## REQUIREMENT
Print the lines that run from the line with "nude admirable" to the line with "45 Point Place Monterey TN 38574", keeping both end lines, exactly as they appear in the entries below, and nothing else.

[Records drawn from a dataset]
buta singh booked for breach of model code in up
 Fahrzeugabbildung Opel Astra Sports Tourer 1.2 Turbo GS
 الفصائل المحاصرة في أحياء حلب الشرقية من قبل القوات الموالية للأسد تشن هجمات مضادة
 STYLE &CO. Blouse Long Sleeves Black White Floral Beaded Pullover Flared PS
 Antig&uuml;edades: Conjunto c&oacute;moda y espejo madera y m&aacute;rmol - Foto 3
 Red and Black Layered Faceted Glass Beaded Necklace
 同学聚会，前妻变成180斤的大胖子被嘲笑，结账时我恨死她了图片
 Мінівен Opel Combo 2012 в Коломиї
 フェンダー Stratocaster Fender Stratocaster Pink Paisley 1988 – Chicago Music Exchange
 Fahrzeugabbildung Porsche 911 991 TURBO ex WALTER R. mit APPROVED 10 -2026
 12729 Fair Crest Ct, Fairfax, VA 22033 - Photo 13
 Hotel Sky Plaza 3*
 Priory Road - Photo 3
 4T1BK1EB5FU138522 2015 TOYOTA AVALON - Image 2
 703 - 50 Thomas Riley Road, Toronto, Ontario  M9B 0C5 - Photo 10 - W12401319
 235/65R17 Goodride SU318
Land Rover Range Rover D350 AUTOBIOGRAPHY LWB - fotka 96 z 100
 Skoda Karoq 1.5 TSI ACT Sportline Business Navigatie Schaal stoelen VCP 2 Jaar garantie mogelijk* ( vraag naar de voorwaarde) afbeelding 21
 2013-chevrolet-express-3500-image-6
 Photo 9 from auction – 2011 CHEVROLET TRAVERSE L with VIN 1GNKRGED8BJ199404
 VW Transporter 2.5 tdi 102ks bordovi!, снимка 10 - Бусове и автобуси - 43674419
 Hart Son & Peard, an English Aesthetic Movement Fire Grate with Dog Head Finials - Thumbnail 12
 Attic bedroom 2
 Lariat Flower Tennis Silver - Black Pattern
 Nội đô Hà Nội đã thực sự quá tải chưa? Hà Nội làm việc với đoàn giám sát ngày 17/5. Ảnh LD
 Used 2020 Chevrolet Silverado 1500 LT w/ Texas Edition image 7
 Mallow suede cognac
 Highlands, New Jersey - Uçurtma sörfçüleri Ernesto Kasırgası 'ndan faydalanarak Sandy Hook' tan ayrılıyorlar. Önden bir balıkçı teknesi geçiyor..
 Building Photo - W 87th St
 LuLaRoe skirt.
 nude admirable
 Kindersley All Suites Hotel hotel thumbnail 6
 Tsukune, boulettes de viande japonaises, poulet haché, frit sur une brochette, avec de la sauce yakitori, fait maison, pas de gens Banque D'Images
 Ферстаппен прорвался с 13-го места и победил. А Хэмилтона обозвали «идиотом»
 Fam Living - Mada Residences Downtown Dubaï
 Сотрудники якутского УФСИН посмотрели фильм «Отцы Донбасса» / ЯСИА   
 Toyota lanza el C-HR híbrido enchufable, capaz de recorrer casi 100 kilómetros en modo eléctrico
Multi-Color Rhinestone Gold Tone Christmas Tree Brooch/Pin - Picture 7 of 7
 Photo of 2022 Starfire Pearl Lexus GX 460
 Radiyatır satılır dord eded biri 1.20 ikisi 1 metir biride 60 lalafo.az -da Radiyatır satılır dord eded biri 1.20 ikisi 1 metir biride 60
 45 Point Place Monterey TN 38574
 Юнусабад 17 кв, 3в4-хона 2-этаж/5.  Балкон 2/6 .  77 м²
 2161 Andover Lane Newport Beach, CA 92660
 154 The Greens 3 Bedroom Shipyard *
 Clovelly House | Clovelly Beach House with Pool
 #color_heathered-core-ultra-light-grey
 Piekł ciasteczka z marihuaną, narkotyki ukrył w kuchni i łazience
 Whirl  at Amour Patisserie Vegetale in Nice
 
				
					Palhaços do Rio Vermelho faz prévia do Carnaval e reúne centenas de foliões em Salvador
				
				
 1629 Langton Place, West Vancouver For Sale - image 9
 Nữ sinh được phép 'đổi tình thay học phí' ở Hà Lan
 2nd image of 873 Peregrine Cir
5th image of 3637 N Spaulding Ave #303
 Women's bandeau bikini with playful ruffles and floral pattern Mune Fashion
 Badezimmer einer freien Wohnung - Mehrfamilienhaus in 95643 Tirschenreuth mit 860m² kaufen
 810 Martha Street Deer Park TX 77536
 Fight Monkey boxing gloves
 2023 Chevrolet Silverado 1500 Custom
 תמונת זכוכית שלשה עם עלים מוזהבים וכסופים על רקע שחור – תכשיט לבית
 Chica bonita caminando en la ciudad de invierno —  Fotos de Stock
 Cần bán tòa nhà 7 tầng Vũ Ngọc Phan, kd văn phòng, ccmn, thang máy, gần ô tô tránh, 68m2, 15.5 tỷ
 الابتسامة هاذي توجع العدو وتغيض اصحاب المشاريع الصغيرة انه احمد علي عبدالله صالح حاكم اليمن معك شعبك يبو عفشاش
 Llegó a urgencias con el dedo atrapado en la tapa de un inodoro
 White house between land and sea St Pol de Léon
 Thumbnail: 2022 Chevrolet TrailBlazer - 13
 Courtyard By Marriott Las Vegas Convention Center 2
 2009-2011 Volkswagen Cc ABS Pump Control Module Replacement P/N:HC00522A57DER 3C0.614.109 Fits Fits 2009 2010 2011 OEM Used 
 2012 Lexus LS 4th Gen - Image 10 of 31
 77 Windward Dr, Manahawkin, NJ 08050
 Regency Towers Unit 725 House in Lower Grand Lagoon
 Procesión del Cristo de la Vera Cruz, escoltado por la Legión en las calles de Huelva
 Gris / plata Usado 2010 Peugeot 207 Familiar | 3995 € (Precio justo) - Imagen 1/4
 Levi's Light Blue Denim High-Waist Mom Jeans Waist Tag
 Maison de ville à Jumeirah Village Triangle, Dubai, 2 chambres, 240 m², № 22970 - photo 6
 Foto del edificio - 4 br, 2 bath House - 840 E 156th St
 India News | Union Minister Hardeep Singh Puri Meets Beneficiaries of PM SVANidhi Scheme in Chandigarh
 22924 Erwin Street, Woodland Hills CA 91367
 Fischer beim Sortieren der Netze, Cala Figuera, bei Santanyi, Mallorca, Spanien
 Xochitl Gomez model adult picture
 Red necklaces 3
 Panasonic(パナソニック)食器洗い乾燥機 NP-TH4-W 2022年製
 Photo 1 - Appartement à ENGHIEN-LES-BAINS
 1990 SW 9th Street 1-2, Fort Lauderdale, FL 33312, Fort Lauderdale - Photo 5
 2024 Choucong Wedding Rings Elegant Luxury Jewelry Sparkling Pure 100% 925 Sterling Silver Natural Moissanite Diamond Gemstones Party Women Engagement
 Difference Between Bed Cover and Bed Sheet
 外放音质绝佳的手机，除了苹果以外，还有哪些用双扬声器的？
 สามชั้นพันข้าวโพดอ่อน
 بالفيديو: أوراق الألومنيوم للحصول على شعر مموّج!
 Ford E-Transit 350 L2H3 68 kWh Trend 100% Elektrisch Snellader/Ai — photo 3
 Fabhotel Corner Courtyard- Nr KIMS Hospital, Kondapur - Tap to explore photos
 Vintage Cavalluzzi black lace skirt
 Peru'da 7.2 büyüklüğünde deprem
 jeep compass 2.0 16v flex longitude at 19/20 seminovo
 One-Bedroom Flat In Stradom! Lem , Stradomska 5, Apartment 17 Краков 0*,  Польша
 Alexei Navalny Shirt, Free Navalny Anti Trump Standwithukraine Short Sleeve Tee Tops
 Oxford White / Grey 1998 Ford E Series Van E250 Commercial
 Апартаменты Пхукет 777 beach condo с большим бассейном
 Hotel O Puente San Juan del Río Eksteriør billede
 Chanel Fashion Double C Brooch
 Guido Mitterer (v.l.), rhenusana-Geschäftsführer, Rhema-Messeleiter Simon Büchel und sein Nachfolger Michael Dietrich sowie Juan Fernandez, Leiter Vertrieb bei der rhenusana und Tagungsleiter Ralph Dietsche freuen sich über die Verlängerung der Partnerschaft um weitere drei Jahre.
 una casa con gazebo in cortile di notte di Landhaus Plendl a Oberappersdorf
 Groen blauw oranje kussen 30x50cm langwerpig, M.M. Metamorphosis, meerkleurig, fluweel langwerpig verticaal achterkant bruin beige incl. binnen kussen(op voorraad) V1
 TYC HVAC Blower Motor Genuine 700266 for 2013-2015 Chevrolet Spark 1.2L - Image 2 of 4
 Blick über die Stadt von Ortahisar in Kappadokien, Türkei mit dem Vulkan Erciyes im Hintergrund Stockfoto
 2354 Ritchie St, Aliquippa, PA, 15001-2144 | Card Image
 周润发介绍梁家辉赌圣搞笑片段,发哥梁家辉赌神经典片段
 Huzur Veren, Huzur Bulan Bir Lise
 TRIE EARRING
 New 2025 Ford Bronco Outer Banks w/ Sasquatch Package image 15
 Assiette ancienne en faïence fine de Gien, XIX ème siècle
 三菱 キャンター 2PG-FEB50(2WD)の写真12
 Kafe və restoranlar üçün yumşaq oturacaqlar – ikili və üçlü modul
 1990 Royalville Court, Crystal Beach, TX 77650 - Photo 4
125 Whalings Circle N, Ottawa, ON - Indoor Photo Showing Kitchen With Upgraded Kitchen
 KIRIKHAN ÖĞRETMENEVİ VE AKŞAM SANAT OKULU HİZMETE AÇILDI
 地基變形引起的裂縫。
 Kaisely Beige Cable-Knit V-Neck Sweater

## SOLVED EXERCISE
 nude admirable
 Kindersley All Suites Hotel hotel thumbnail 6
 Tsukune, boulettes de viande japonaises, poulet haché, frit sur une brochette, avec de la sauce yakitori, fait maison, pas de gens Banque D'Images
 Ферстаппен прорвался с 13-го места и победил. А Хэмилтона обозвали «идиотом»
 Fam Living - Mada Residences Downtown Dubaï
 Сотрудники якутского УФСИН посмотрели фильм «Отцы Донбасса» / ЯСИА   
 Toyota lanza el C-HR híbrido enchufable, capaz de recorrer casi 100 kilómetros en modo eléctrico
Multi-Color Rhinestone Gold Tone Christmas Tree Brooch/Pin - Picture 7 of 7
 Photo of 2022 Starfire Pearl Lexus GX 460
 Radiyatır satılır dord eded biri 1.20 ikisi 1 metir biride 60 lalafo.az -da Radiyatır satılır dord eded biri 1.20 ikisi 1 metir biride 60
 45 Point Place Monterey TN 38574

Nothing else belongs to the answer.